◆ **Exercise goal**:
Your task is to give the listing below back word for word, pictures excluded.

◆ **Stored data**:

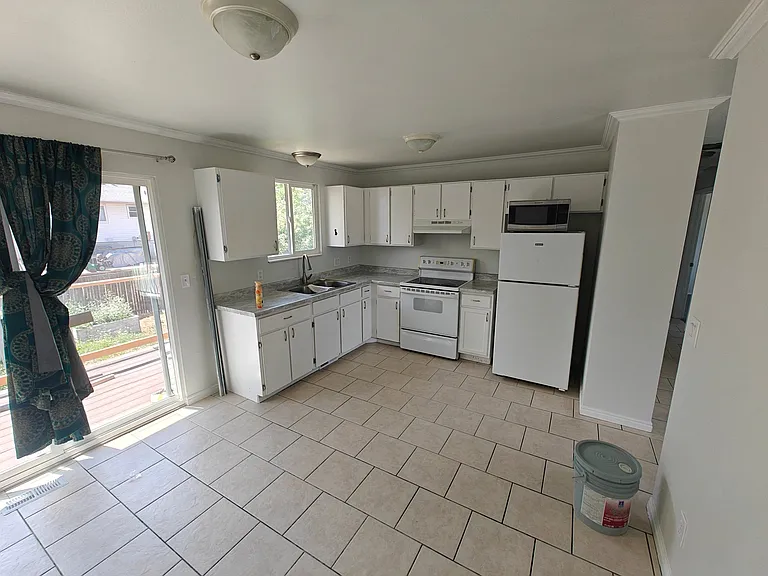 3718 S 8200 W — Photo 5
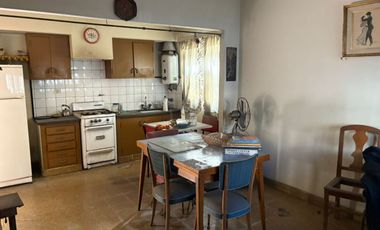 CASA DOS FAMILIAS EN VENTA LANUS ESTE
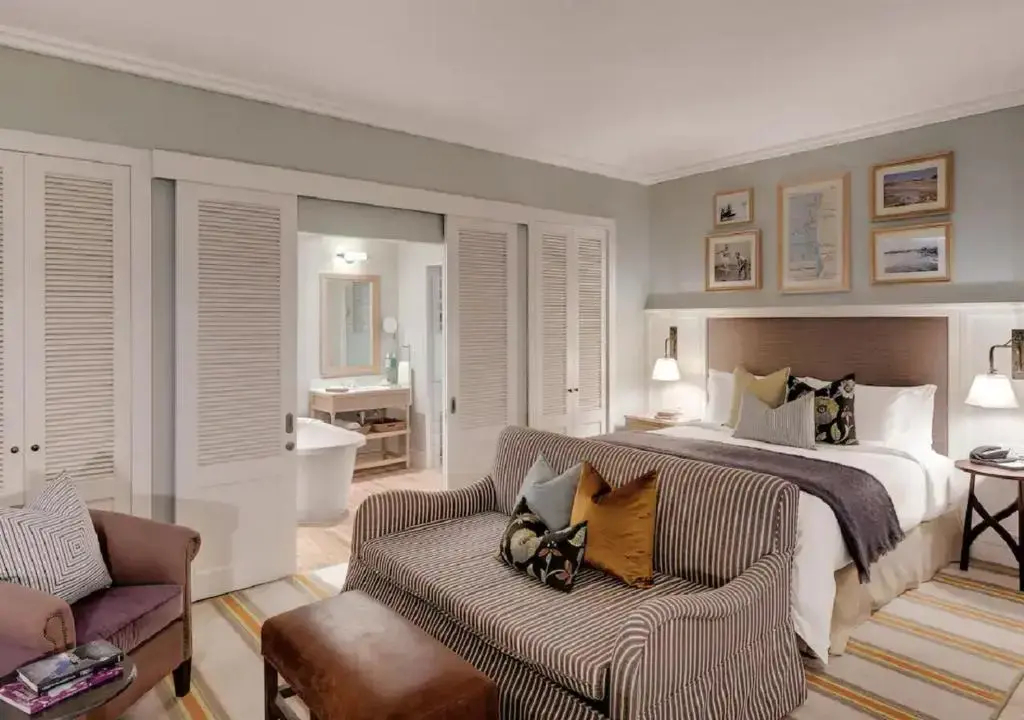 Luxury Double Suite full double bed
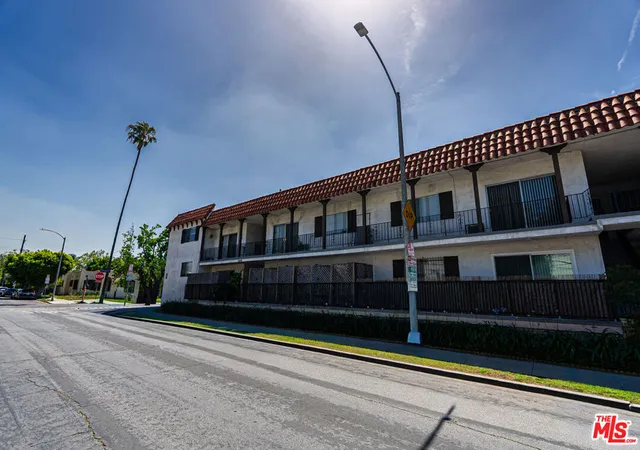5th image of 7050 Waring Ave, Los Angeles, CA 90038 | MLS# 26831155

◆ **Your solution**:
 3718 S 8200 W — Photo 5
 CASA DOS FAMILIAS EN VENTA LANUS ESTE
 Luxury Double Suite full double bed
5th image of 7050 Waring Ave, Los Angeles, CA 90038 | MLS# 26831155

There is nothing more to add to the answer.